Median earners have seen their income rise by less than the average, or mean, income over the past 30 years, the TUC says. The mean is calculated by dividing total incomes by the number of people in the UK.

Since 1979 the income of median earners has risen by 60 per cent, while much bigger increases for the better-off have pushed up mean earnings by 78 per cent, according to the report.

While median income fell behind more sharply under the Conservatives as society became more unequal, the TUC says the gap has grown under Labour. Mean net household income in 2007 stood at £463 a week, 23 per cent higher than the median.

“Middle income Britons” who have jobs are concentrated in white-collar and skilled manual roles, including dispatch clerks, retail managers, information technology workers and teaching assistants.

Their experience of life is likely to be marked by econ­omic insecurity – rather like members of the struggling middle class in the US who have been dubbed “the anxious middle” by economists.

Compared with those just above them on the income scale, median earners are less likely to have had a university education, to enjoy a final salary pension scheme, to hold shares or to have significant savings. They are more likely to have experienced unemployment.

They are frustrated, says a YouGov survey for the report. While they have aspirations for more fulfilling work and better living standards, they feel keenly their inability to fulfil society’s rising expectations. Four in 10 people on median incomes believe their job has a lower status than their father’s.

Stewart Lansley, the report’s author, said one of the big failings of the past 30 years was that the middle income Britain of the 1970s and 1980s had not been transformed into the well-to-do middle Britain of politicians’ recent imagination.

“Maybe because of this, middle income Britain holds noticeably different values than those above them in the income hierarchy. They are more pro-state and strongly support government action to tackle in­equality,” he said.
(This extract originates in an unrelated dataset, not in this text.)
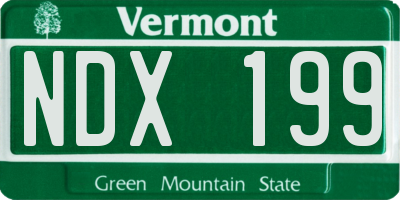 VT license plate NDX199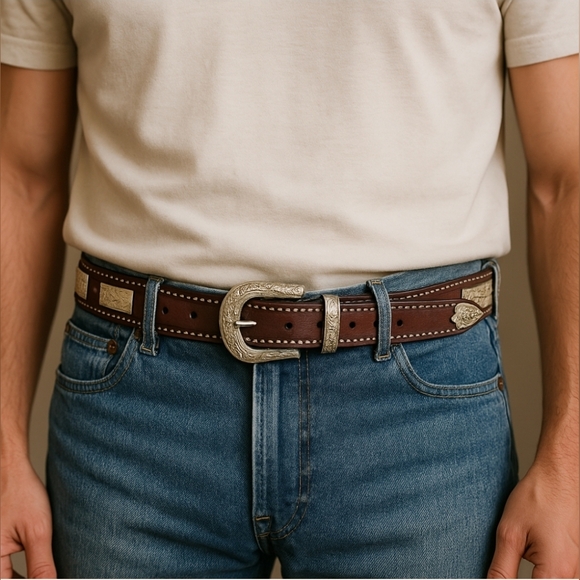 Western Belt Leather Brown Men's Nocona Size 40 - Picture 1 of 16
Flashback: Cameron ready for “unpopular” rule

Lest you think David Cameron has become a radical constitutional reformer, what with his talk of fixed-term parliaments – only maybe, he’ll think about it – recall his speech at last year’s Tory conference:

Preparing the party for a hard grind in government, he insisted he had “the grit and determination to impose discipline on government spending, keep our nerve and say ‘No’ – even in the teeth of hostility and protest”.
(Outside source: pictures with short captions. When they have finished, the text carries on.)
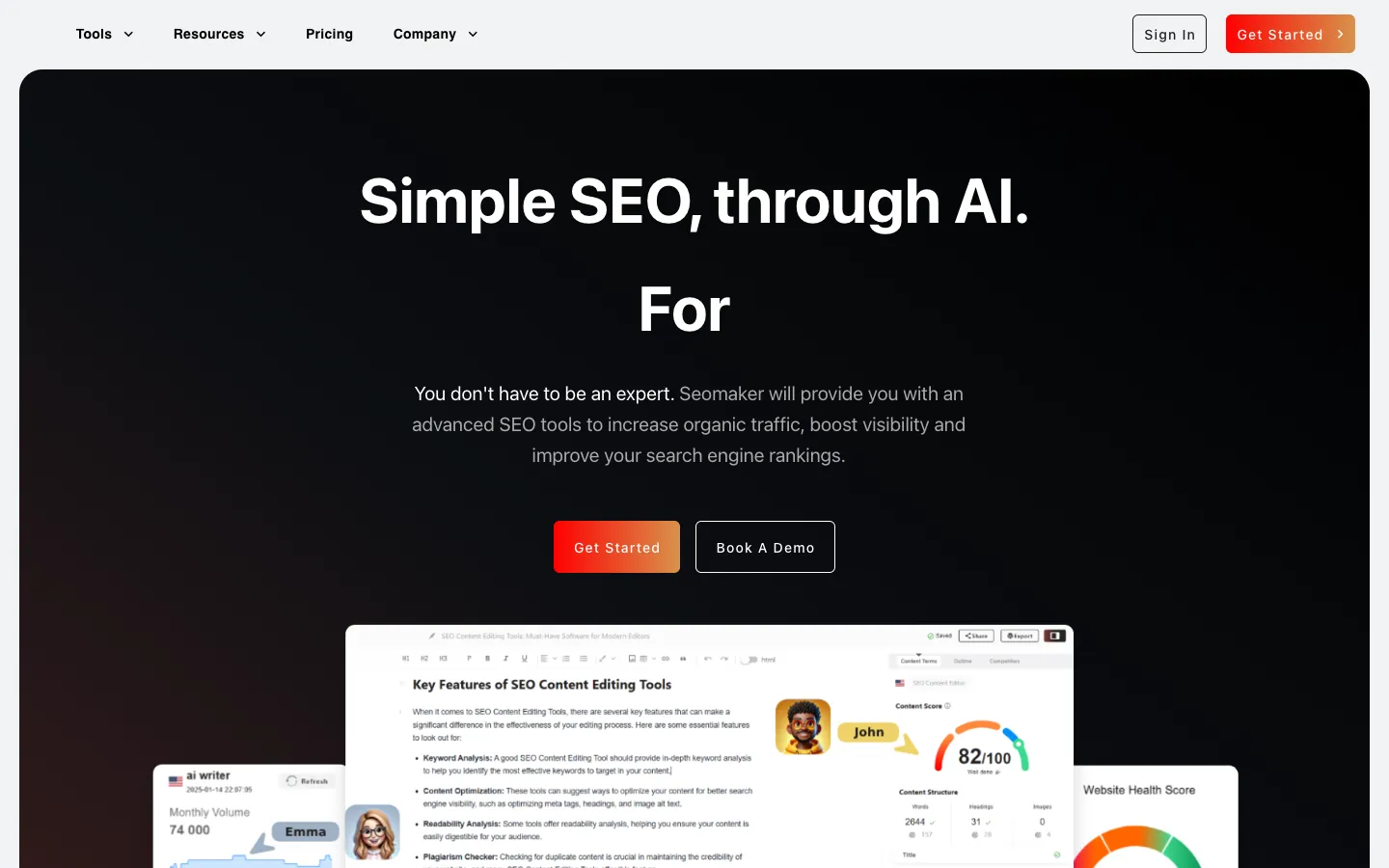Screenshot of the Seomaker homepage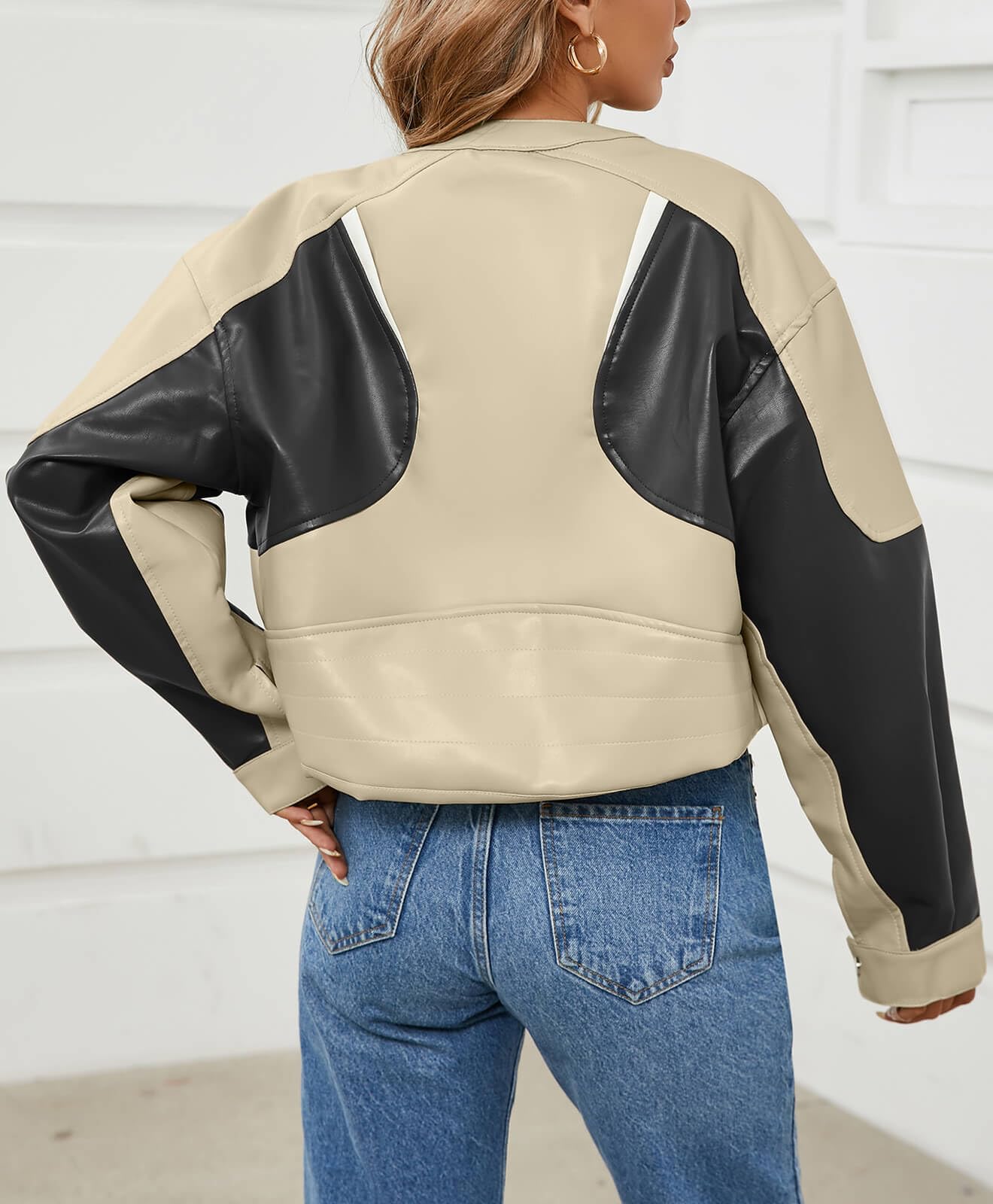 Tankaneo Womens Faux Leather Bomber Jackets Cropped Fall Moto Biker Coats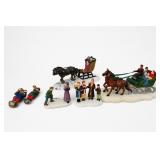 Christmas Village Sleigh & Caroler Figurine Set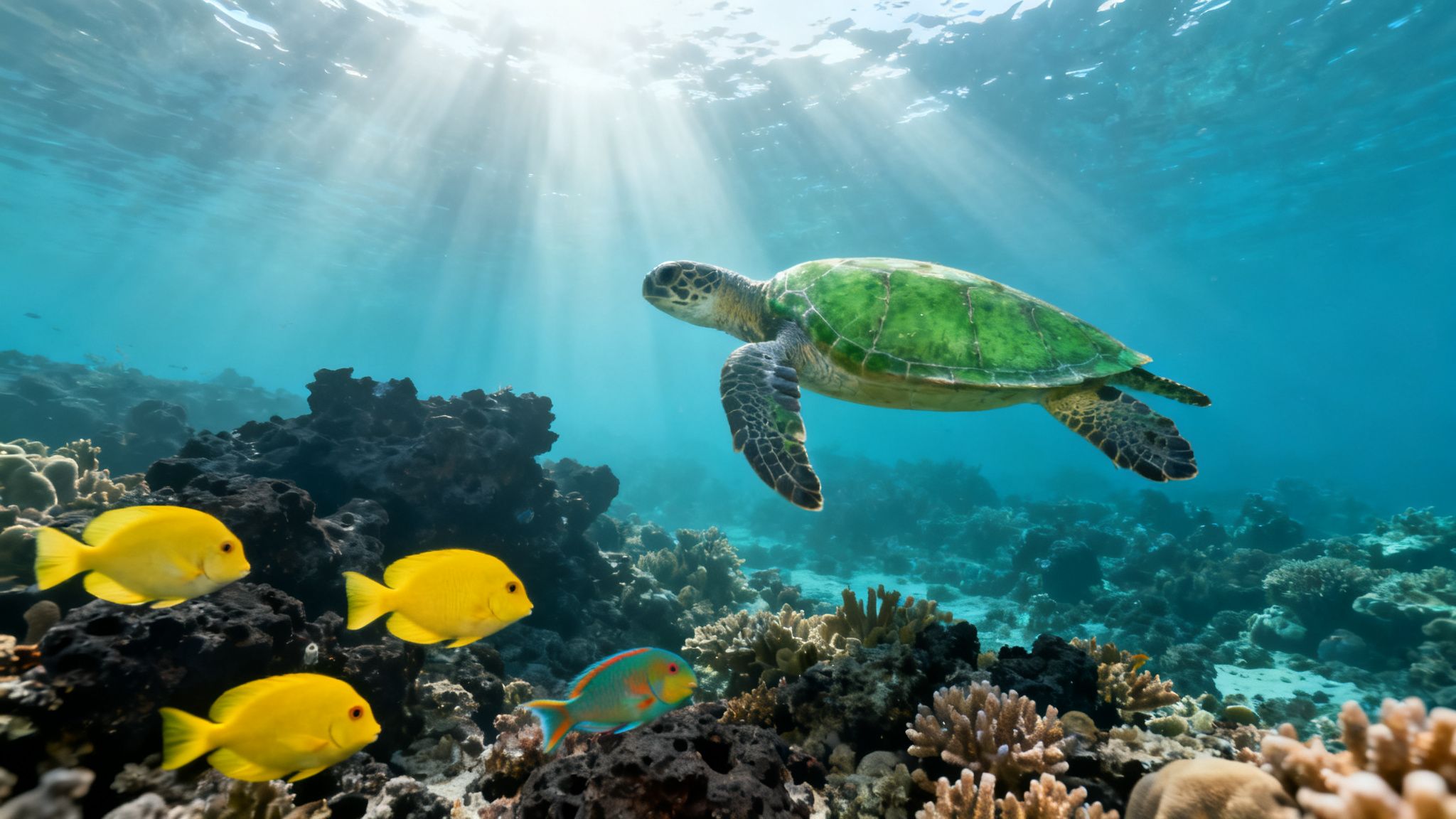 A green sea turtle swims among coral reefs and yellow fish with sun rays in clear blue water.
Mr Cameron’s speech, largely stripped of jokes and partisan attacks on Mr Brown, was designed to reflect the mood of the times. Unlike his “walk-about” speech at last year’s conference, he spoke at a podium with notes.

The connecting strand of Mr Cameron’s vision was the building of a “responsible” society, although at times the speech was disjointed and was clearly the result of a rapid rewriting exercise to take account of the fast-changing financial environment.